Let's say I have documents mapped such that:

PUT test_documents
{
  "mappings": {
    "doc": {
      "properties": {
        "parent_id": { "type": "keyword" },
        "body": { "type": "text" }
      }
    }
  }
}

Where body is some body of text and parent_id is the id of the parent document where that body of text came from

PUT test_documents/doc/1
{
  "parent_id": "ZOO BOOK",
  "body": "Zoo's are places where you can see animals"
}

PUT test_documents/doc/2
{
  "parent_id": "ZOO BOOK",
  "body": "Zoo's have lots of animals"
}

PUT test_documents/doc/3
{
  "parent_id": "VET BOOK",
  "body": "Vet's are doctors for animals"
}

When I do a search on this text for both "zoo's" and "animals" I'll get all three documents back as expected

GET test_documents/_search
{
  "query": {
    "bool": {
      "should": [
        {
          "match": {
            "body": "zoo's animals"
          }
        }
      ]
    }
  }
}

but what I'd like is for the return to only have the highest scoring member from each document that shares a parent_id so that in this case, the return would only have 2 documents: the highest scoring member from "ZOO BOOK" and the highest scoring from "VET BOOK" in order of relevance so that if the order of relevance was "ZOO BOOK", "VET BOOK", "ZOO BOOK" this distinct list would just be "ZOO BOOK", "VET BOOK".

I tried doing aggregation on the parent_id field but that didn't really do what I wanted.


(Abdon Pijpelink) #2

Take a look at the field collapsing feature.
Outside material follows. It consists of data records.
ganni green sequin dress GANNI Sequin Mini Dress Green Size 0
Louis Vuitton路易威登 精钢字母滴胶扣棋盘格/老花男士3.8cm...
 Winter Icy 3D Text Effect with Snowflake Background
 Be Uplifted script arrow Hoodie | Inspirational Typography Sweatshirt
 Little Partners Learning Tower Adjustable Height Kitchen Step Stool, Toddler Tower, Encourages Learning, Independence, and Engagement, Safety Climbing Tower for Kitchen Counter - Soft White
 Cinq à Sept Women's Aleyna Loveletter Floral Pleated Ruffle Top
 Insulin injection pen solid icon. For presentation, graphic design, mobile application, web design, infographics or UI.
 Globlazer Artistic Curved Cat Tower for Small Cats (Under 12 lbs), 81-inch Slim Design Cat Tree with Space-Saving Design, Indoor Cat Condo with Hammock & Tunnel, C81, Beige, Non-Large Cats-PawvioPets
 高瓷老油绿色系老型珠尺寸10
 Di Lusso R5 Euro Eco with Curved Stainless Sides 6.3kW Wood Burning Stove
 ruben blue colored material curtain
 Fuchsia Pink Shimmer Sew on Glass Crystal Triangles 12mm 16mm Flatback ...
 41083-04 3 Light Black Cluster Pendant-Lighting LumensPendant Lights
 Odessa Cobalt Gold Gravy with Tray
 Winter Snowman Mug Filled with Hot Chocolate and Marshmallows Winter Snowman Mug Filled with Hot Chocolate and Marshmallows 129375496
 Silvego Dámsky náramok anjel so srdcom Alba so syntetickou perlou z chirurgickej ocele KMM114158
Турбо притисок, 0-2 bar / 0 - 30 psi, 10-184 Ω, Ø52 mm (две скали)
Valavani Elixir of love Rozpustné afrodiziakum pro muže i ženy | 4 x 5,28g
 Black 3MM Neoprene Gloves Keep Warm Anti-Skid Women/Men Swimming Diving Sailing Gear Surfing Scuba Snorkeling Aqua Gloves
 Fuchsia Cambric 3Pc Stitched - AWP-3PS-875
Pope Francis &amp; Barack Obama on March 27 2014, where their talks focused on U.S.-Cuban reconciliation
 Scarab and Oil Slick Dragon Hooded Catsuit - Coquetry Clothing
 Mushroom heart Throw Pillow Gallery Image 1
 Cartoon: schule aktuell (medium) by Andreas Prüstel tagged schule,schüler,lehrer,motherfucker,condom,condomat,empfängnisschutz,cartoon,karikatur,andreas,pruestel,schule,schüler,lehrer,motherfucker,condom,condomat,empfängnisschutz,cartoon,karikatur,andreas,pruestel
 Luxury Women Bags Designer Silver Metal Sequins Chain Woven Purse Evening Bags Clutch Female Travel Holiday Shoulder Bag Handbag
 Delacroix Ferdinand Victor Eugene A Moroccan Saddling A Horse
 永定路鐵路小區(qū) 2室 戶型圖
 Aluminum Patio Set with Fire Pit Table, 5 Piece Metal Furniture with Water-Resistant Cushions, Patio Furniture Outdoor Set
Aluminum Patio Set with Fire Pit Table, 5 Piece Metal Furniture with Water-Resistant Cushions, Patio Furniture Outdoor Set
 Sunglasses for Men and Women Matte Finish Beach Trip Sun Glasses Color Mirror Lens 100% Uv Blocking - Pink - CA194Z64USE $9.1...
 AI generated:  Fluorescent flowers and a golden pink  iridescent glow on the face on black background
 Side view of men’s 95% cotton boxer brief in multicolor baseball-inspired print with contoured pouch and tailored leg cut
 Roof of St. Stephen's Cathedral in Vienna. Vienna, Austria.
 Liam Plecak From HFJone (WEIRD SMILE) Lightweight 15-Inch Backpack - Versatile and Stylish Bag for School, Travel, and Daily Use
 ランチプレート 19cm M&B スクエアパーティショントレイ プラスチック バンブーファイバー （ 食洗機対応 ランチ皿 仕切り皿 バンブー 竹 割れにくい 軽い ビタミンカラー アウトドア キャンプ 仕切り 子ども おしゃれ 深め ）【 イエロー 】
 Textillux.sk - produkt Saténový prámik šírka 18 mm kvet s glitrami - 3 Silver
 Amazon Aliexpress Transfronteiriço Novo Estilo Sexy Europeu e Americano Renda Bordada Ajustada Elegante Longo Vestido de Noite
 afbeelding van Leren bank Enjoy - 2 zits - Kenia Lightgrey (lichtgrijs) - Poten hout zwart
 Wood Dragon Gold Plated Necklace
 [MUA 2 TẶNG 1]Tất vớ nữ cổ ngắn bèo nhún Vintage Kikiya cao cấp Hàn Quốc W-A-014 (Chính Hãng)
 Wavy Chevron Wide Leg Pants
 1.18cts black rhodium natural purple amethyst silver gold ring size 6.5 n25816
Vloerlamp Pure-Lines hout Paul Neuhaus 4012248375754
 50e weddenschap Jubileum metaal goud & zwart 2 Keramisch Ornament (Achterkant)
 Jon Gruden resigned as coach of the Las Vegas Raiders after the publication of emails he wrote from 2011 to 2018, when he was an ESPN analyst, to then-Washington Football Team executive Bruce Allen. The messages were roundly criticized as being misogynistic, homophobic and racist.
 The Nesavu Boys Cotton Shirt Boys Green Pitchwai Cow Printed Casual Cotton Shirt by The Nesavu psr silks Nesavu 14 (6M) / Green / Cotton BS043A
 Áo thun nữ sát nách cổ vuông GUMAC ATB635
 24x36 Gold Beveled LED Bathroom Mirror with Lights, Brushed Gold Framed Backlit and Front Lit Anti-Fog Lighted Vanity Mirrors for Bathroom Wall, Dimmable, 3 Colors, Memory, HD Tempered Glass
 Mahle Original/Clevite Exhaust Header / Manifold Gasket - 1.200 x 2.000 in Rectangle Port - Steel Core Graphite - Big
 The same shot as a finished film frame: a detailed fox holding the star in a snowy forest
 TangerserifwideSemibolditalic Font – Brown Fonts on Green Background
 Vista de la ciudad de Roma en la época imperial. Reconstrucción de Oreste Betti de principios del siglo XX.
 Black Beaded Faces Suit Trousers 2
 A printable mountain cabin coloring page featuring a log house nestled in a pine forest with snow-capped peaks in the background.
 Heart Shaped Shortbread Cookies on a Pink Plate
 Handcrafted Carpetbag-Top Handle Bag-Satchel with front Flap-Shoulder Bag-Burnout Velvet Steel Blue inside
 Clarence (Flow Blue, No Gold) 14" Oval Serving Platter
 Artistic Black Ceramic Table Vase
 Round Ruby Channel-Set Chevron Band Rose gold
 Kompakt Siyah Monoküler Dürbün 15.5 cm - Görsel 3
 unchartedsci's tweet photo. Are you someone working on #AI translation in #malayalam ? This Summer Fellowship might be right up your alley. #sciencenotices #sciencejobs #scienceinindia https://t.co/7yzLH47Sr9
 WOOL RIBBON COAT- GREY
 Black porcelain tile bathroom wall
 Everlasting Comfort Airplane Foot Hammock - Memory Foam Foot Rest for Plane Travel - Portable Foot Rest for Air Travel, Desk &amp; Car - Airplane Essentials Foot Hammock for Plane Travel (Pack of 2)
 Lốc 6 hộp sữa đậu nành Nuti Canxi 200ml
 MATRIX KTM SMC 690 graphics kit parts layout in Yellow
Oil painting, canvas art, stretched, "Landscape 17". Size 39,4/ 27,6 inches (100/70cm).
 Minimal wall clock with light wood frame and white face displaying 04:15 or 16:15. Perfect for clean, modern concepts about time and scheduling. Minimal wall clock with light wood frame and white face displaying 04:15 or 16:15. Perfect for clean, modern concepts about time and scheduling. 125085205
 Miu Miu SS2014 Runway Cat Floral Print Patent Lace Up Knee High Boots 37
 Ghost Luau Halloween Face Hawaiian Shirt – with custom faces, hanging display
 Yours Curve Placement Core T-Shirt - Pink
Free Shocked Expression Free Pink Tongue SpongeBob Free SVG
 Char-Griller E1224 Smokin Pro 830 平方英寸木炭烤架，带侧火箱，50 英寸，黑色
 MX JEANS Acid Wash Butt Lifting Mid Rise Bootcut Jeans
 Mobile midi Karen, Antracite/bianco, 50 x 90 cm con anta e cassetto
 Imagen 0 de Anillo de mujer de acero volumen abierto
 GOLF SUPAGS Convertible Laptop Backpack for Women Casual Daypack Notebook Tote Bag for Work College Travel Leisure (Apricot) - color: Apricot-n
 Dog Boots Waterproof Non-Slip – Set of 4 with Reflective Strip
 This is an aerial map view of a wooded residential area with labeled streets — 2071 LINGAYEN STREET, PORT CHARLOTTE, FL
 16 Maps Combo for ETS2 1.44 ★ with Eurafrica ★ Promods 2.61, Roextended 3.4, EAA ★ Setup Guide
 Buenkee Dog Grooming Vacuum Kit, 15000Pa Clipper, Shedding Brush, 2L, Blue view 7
It allows you to return the highest scoring document for unique values of a specific field.

To get to what you want to do, your request would look something like this:

GET test_documents/_search
{
  "query": {
    "bool": {
      "should": [
        {
          "match": {
            "body": "zoo's animals"
          }
        }
      ]
    }
  },
  "collapse": {
    "field": "parent_id"
  }
}

(system) #3

This topic was automatically closed 28 days after the last reply. New replies are no longer allowed.